Task instructions: No picture belongs in the copy. Repeat each line below exactly.

* * *

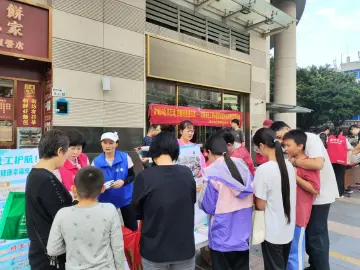 罗湖区翠平社区开展世界糖尿病日科普宣传活动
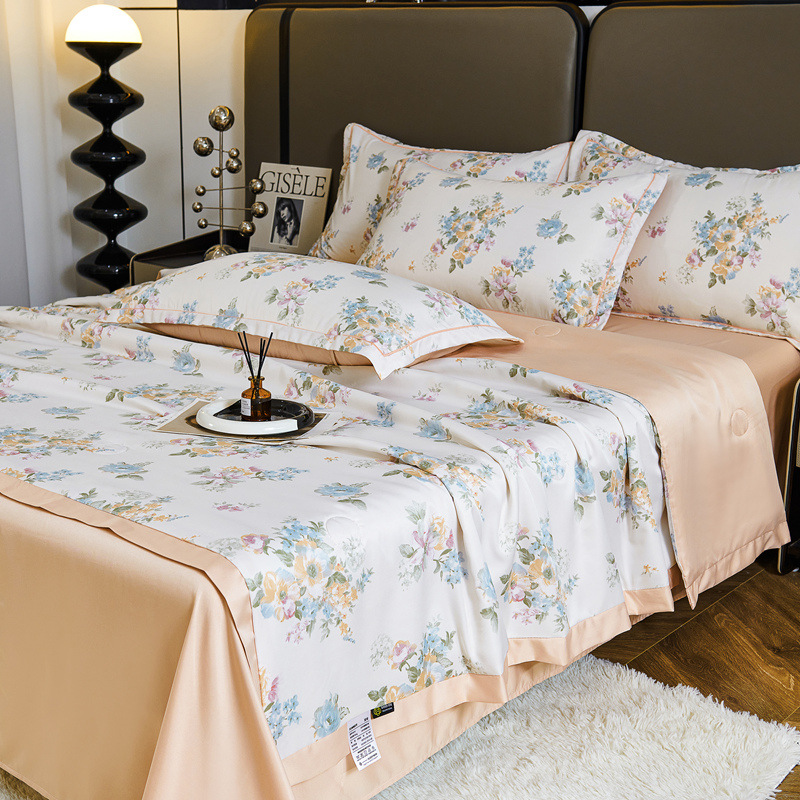 Weiche Sommer-Steppdecke im Landhausstil mit Blumenmuster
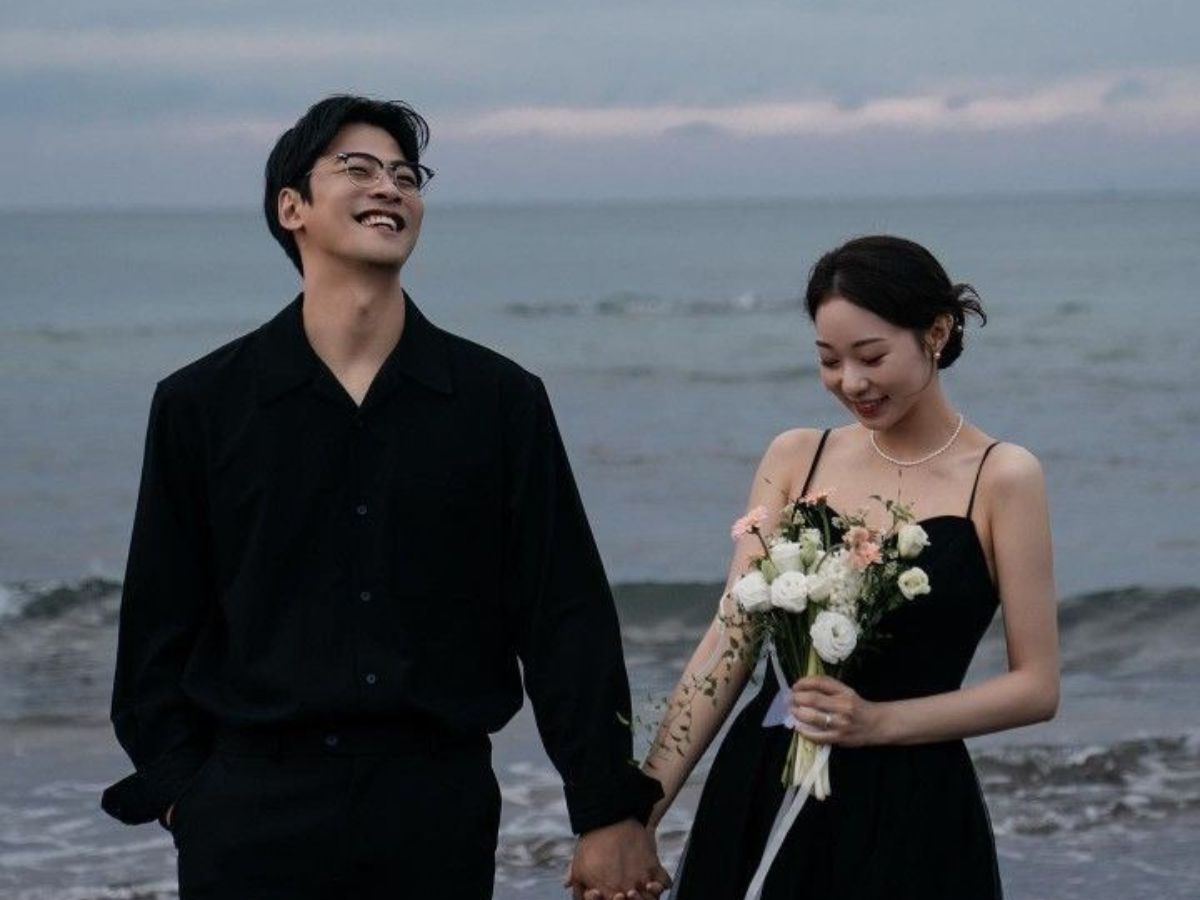 खुद से बड़ी उम्र के लड़को को डेट करना हो सकता हैं आपके लिए भी फायदेमंद - Photo Gallery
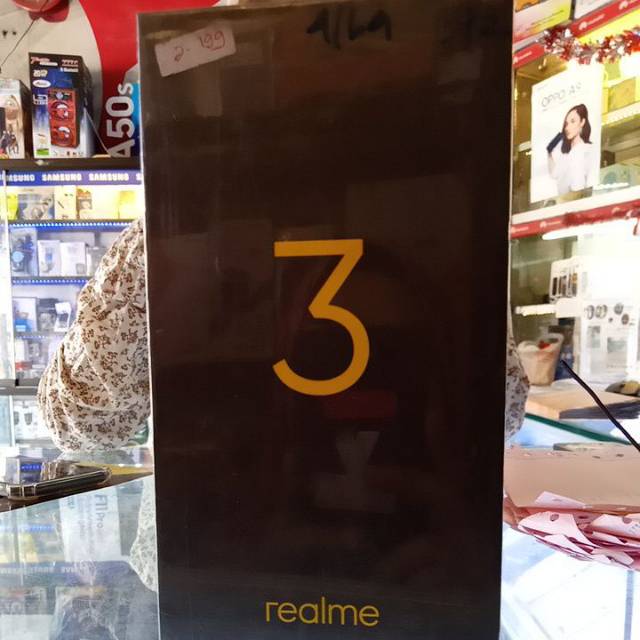 Hp realme 3 4/64Gb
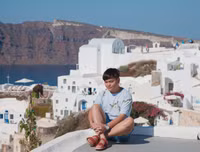 Diễn viên Trịnh Tú Trung khám phá cuộc sống thiên đường ở Santorini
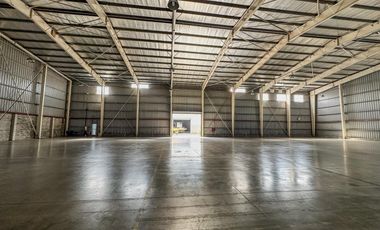 Alquiler - Nave - Parque Industrial del Oeste - 1500m2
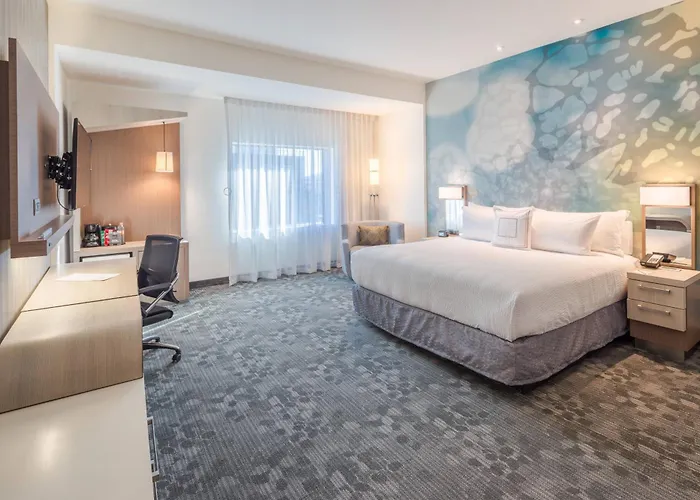 Courtyard By Marriott Chihuahua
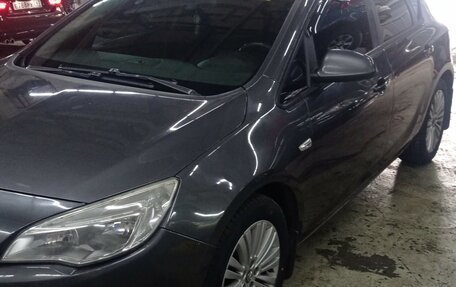 Opel Astra J, 2011 год, 699 000 рублей, 1 фотография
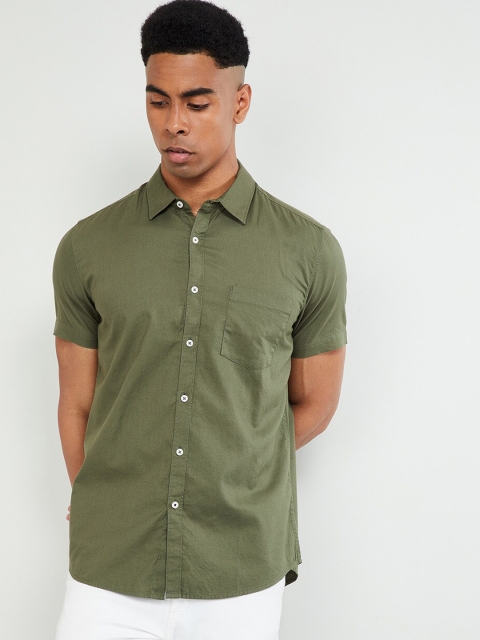 

max Men Olive Green Slim Fit Solid Casual Shirt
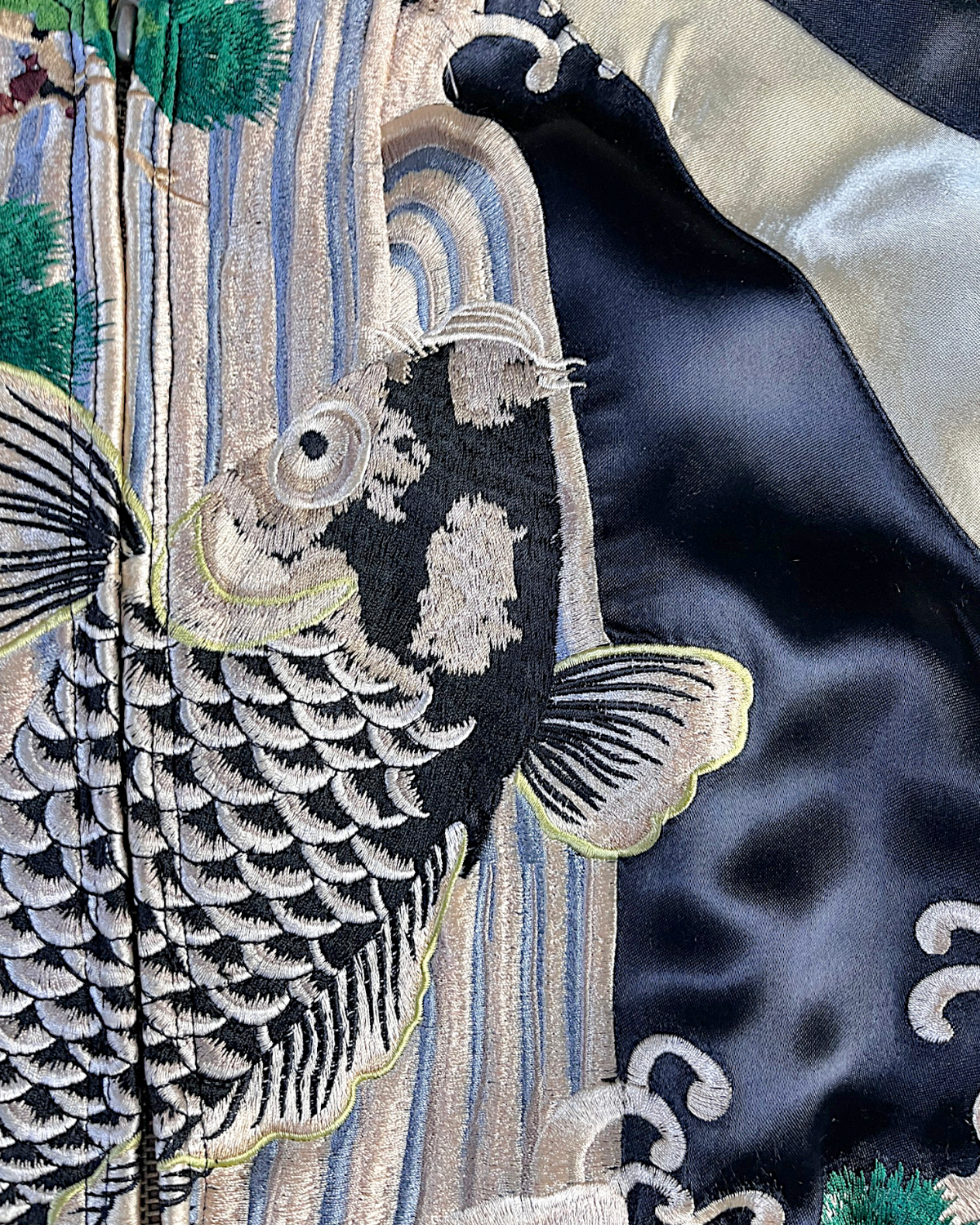 [M] Vintage Koi Fish Sukajan Jacket – Fully Embroidered Reversible Japanese Bomber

* * *

Response to this task:
 罗湖区翠平社区开展世界糖尿病日科普宣传活动
 Weiche Sommer-Steppdecke im Landhausstil mit Blumenmuster
 खुद से बड़ी उम्र के लड़को को डेट करना हो सकता हैं आपके लिए भी फायदेमंद - Photo Gallery
 Hp realme 3 4/64Gb
 Diễn viên Trịnh Tú Trung khám phá cuộc sống thiên đường ở Santorini
 Alquiler - Nave - Parque Industrial del Oeste - 1500m2
 Courtyard By Marriott Chihuahua
 Opel Astra J, 2011 год, 699 000 рублей, 1 фотография

max Men Olive Green Slim Fit Solid Casual Shirt
 [M] Vintage Koi Fish Sukajan Jacket – Fully Embroidered Reversible Japanese Bomber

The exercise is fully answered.